_Aim of the task_
Go through the records below and set each one down exactly, leaving out any pictures.

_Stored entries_
════════════════

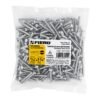 446103 44610 - Bolsa con 250 tornillos 5/32" x 1-1/4" tipo estufa, FIERO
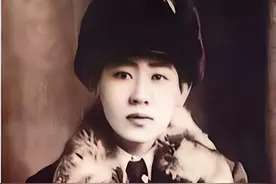 日本的女间谍图片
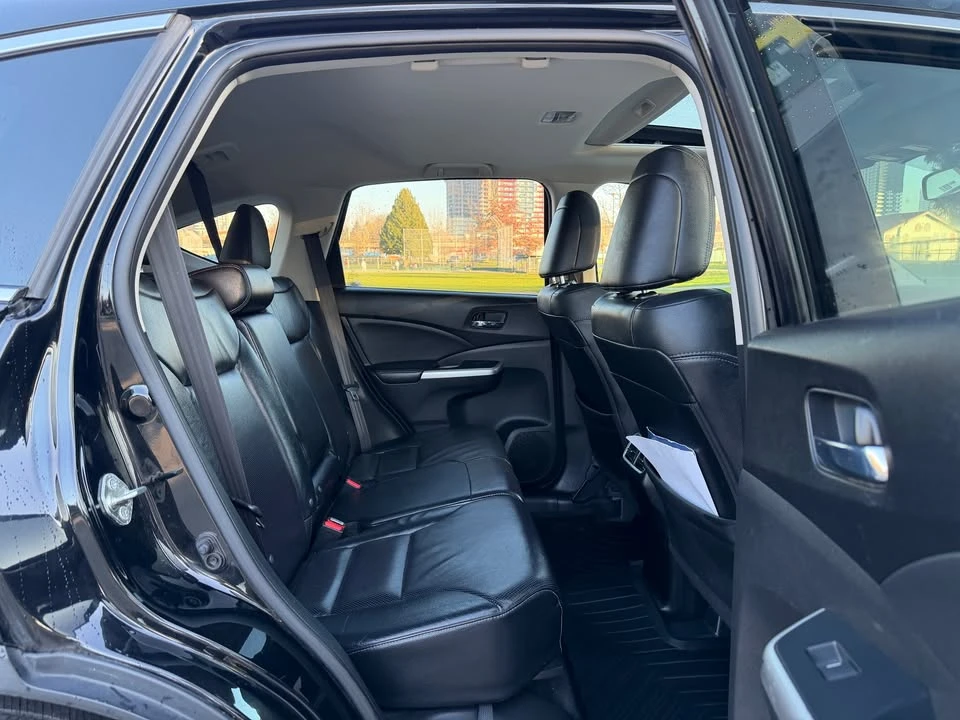 2015 Honda CR-V 4th Gen - Image 14 of 19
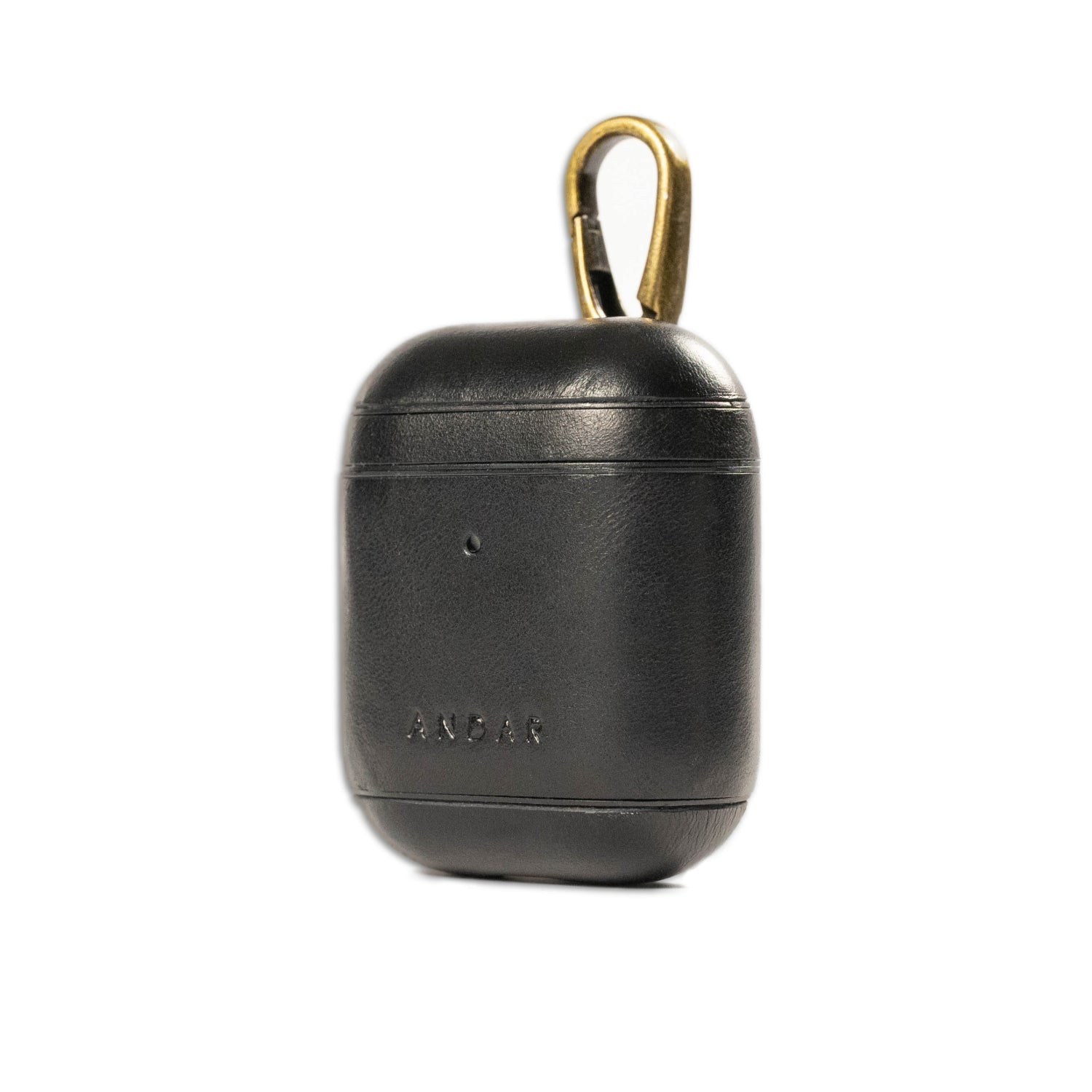 The Capsule Airpods Case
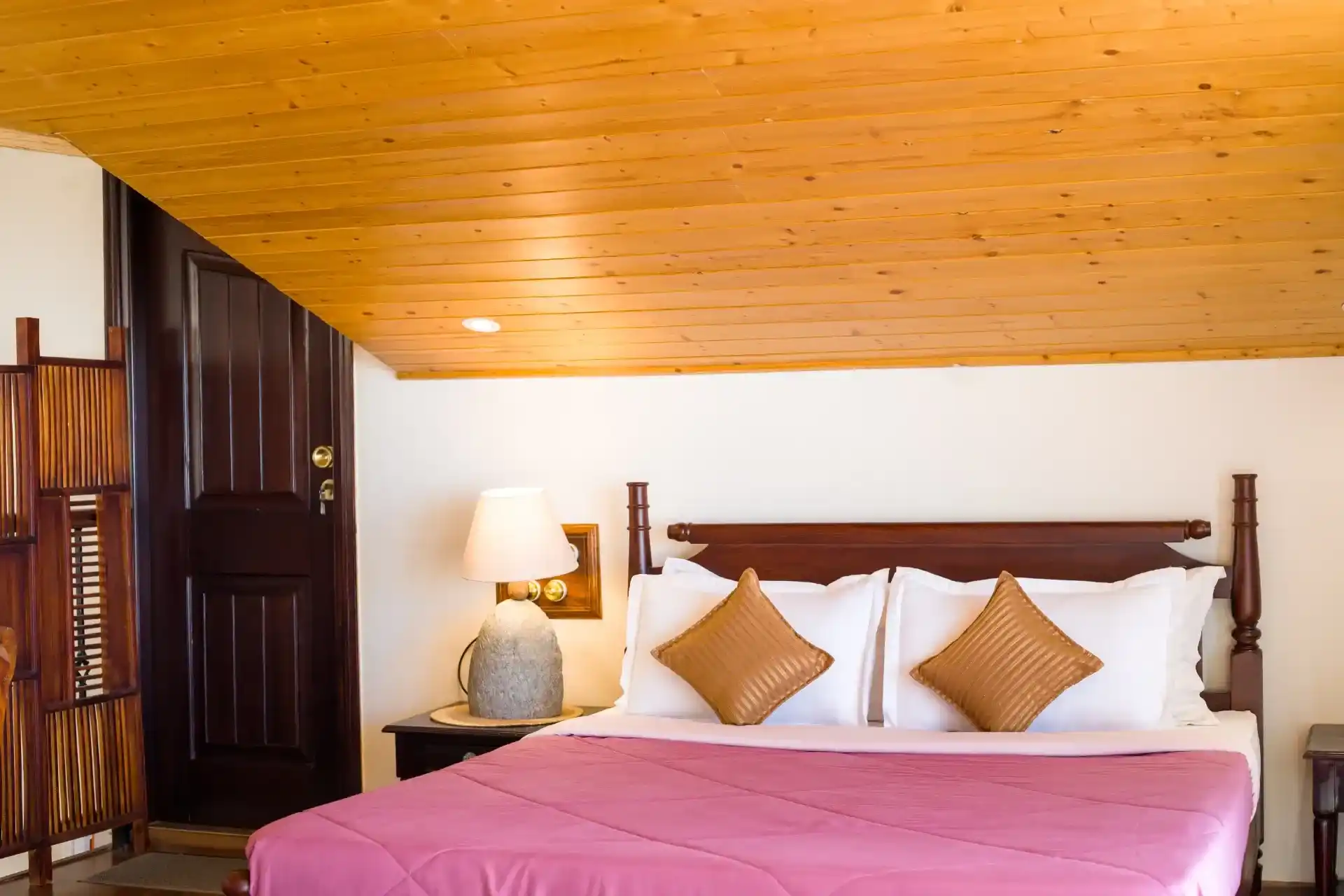 Pinehill Manor, Kasauli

════════════════

_Solution to this exercise_
 446103 44610 - Bolsa con 250 tornillos 5/32" x 1-1/4" tipo estufa, FIERO
 日本的女间谍图片
 2015 Honda CR-V 4th Gen - Image 14 of 19
 The Capsule Airpods Case
 Pinehill Manor, Kasauli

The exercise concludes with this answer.